Data under study Start Marker

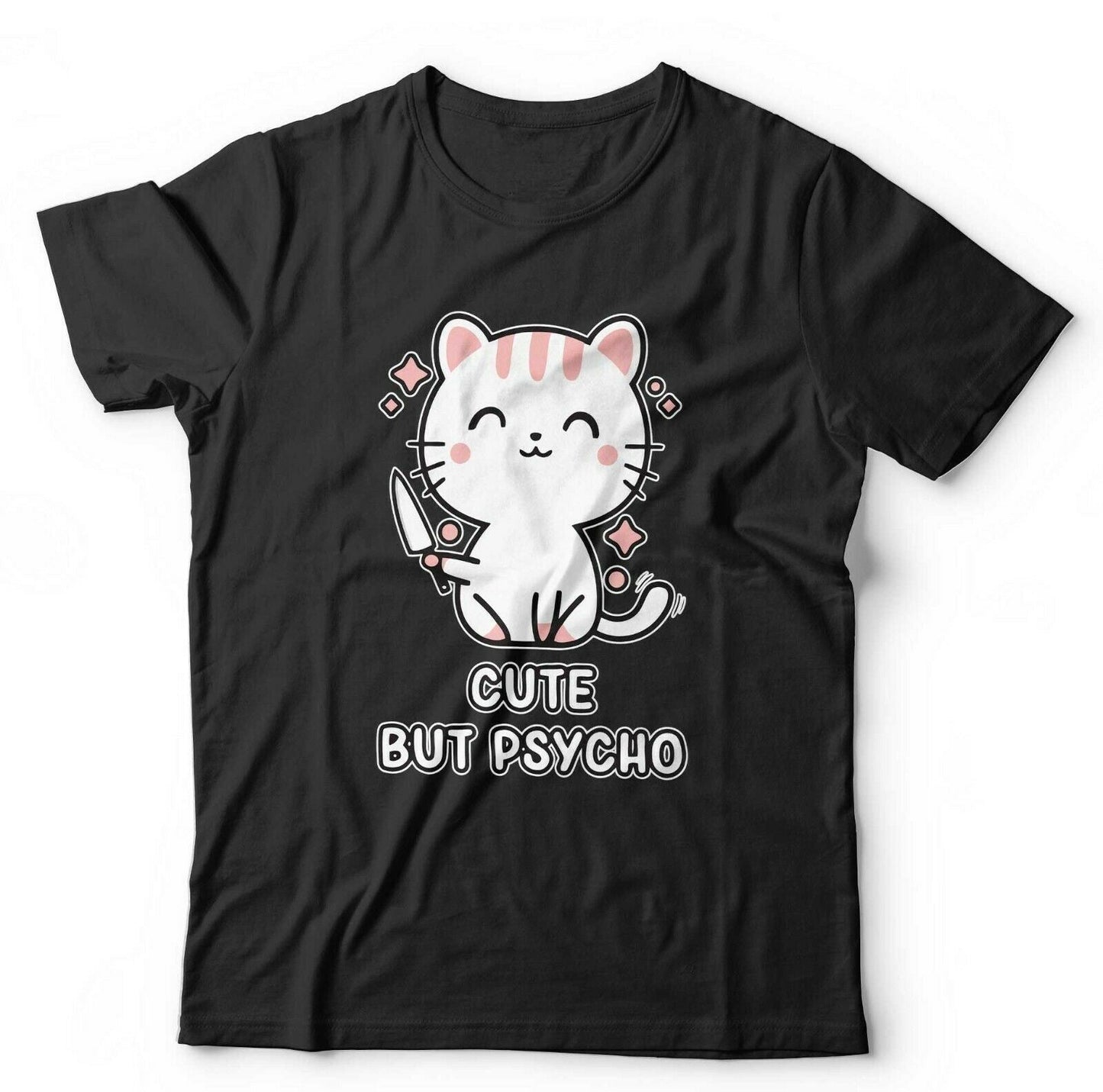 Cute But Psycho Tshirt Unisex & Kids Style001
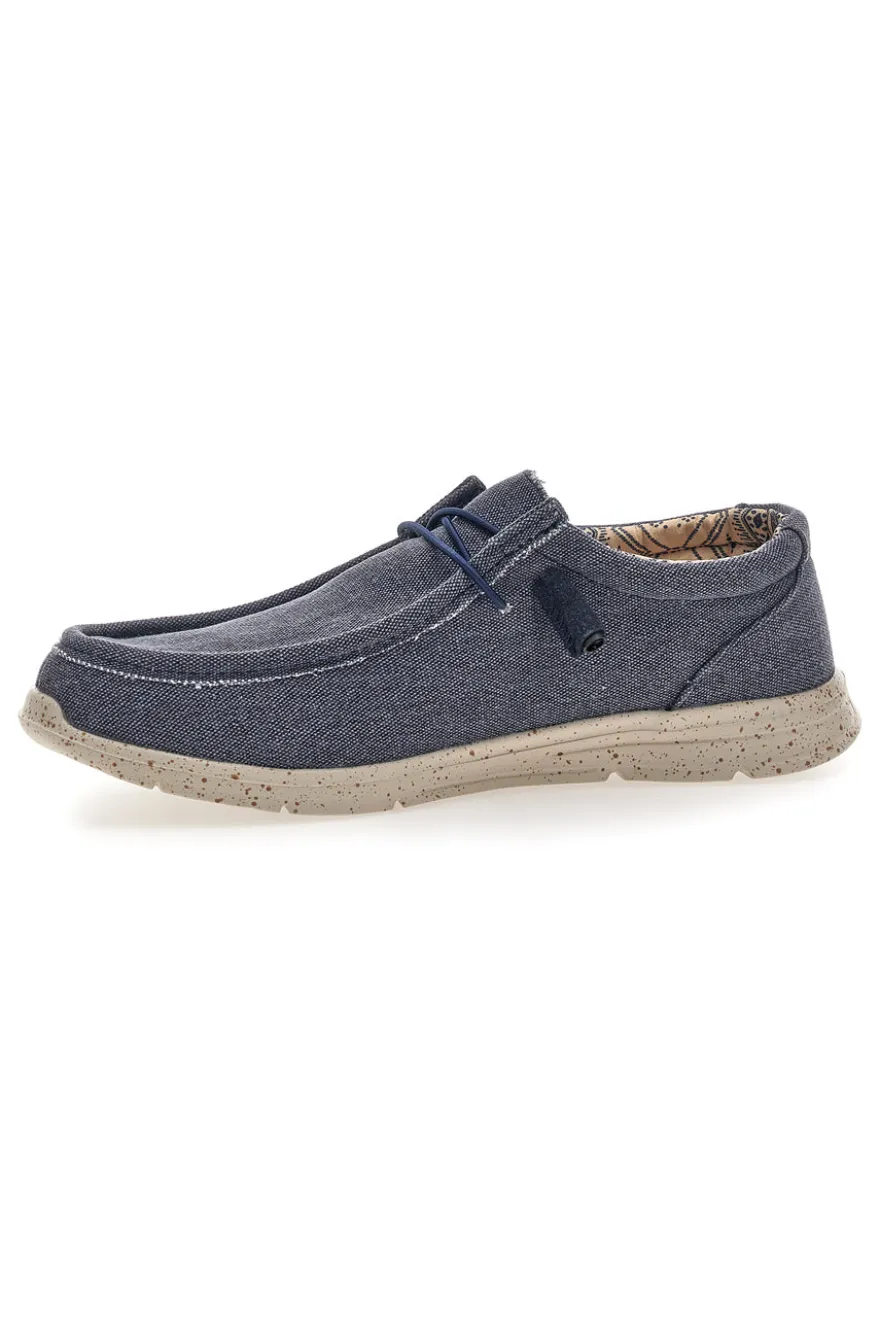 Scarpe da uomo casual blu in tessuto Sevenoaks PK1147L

Data under study End Marker
Data under study Start Marker

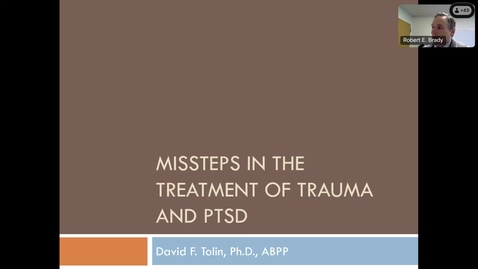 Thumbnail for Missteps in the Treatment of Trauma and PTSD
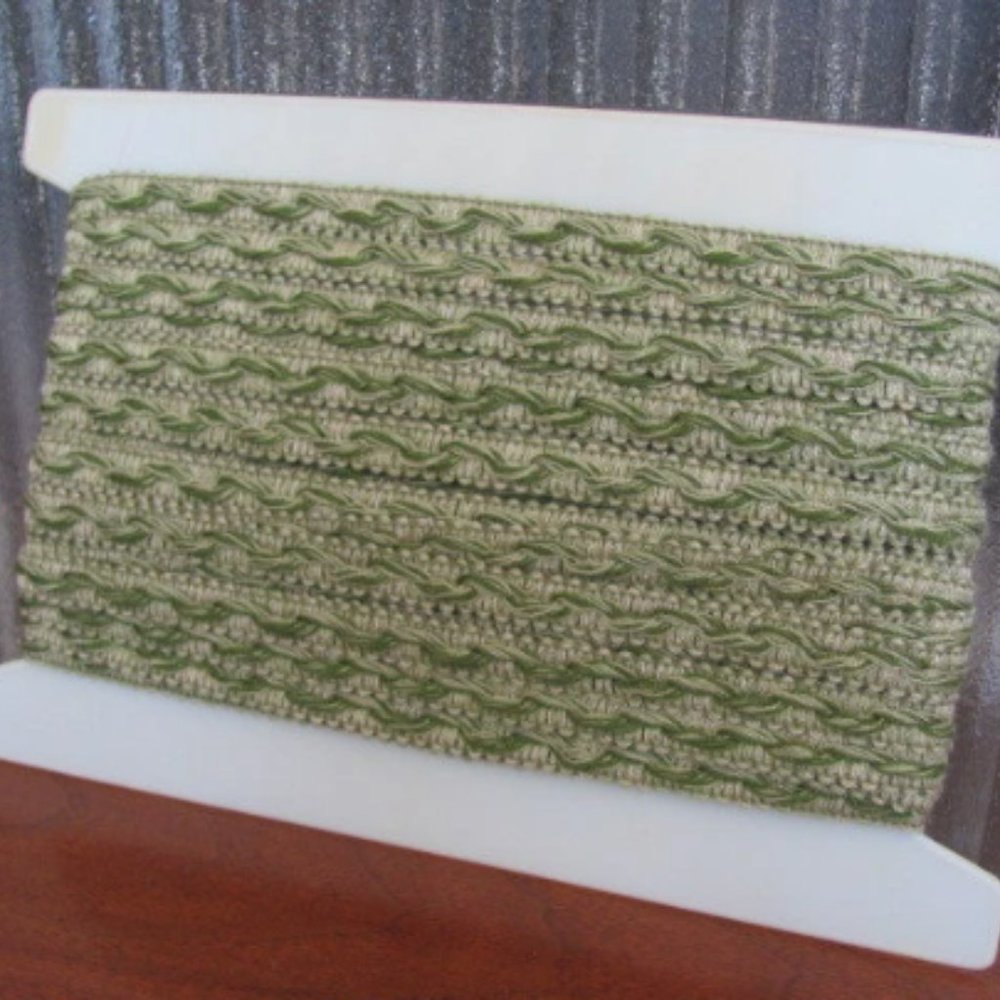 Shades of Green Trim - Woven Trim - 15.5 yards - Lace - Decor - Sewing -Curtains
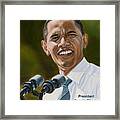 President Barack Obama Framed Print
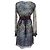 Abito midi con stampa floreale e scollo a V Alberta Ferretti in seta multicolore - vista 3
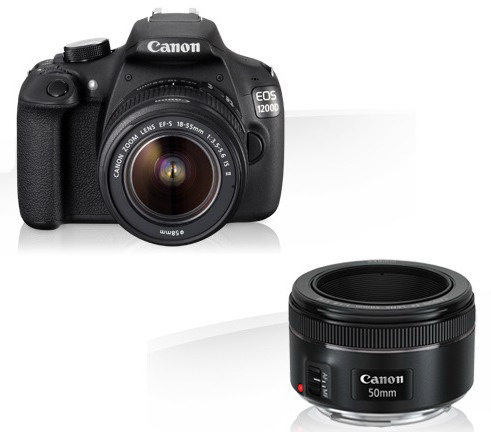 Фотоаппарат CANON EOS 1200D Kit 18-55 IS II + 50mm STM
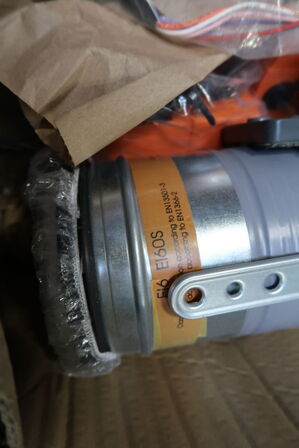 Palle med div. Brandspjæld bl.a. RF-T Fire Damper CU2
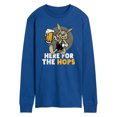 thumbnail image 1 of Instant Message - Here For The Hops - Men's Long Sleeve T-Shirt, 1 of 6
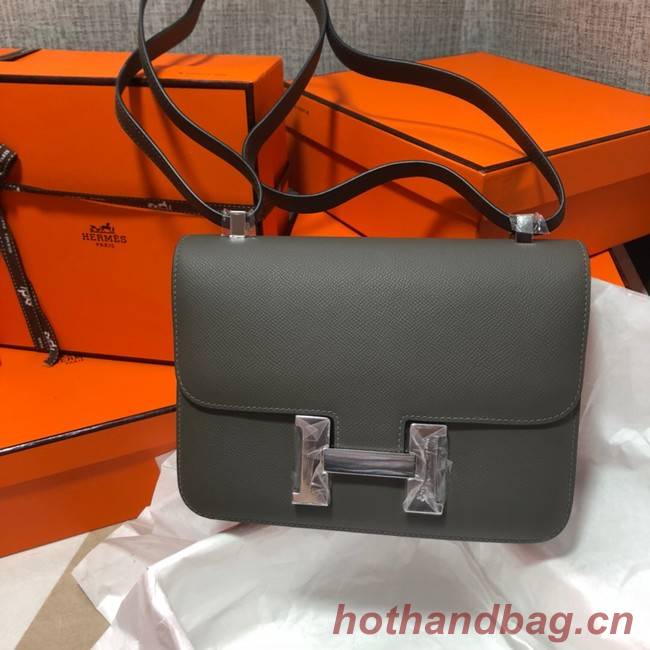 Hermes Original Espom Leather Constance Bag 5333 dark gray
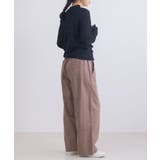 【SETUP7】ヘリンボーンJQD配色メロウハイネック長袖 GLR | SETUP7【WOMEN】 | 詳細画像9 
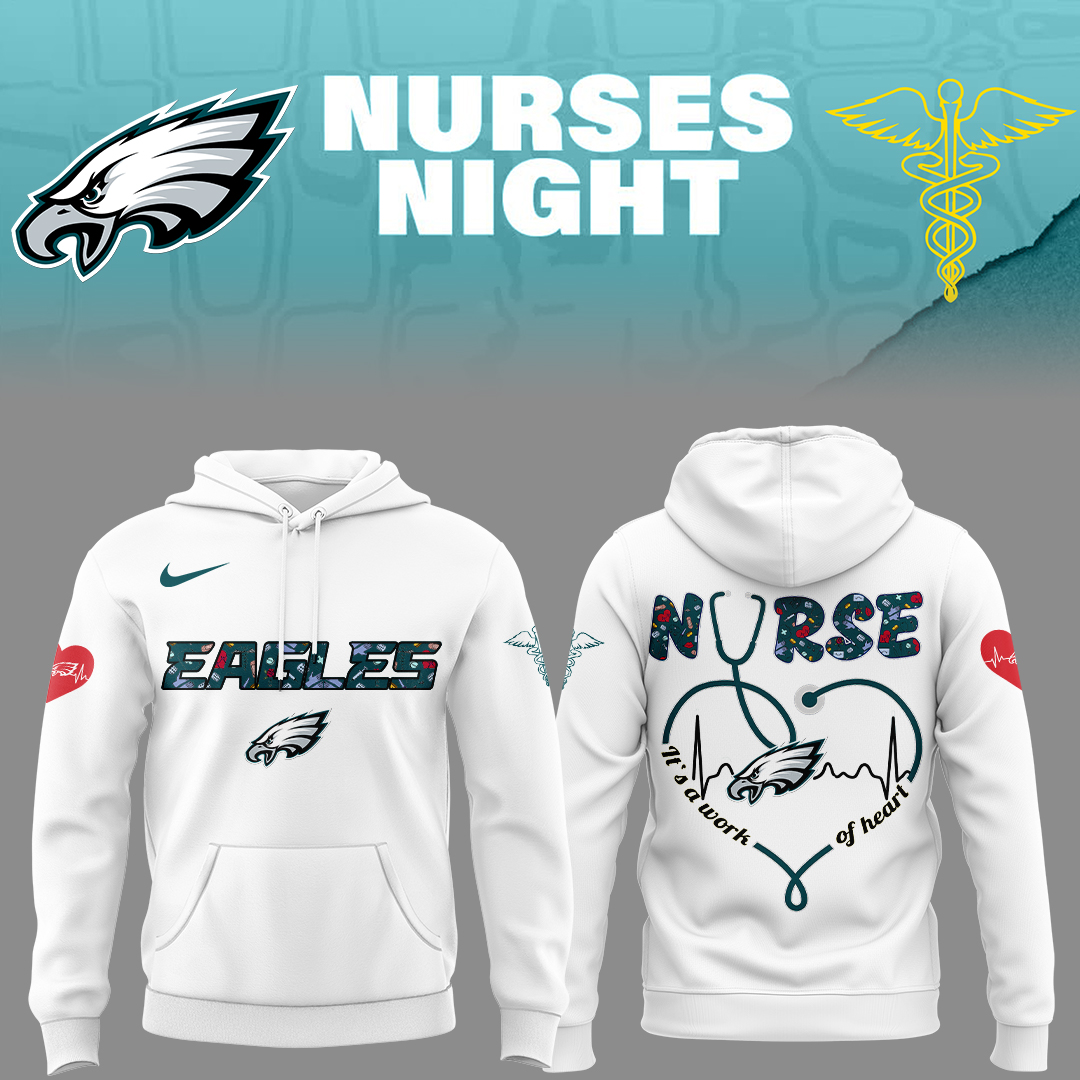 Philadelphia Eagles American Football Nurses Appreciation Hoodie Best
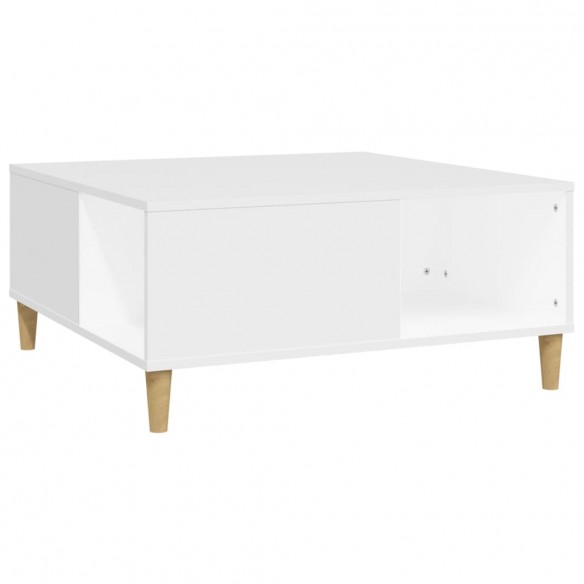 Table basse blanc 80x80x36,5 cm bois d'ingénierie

Data under study End Marker

**Goal of the exercise:**
Reproduce the data above exactly, but only from the line containing "SETUP7【WOMEN】 | 詳細画像9" through the line containing "Table basse blanc". Omit all pictures.

**Response area:**
 【SETUP7】ヘリンボーンJQD配色メロウハイネック長袖 GLR | SETUP7【WOMEN】 | 詳細画像9 
 Philadelphia Eagles American Football Nurses Appreciation Hoodie Best
 Table basse blanc 80x80x36,5 cm bois d'ingénierie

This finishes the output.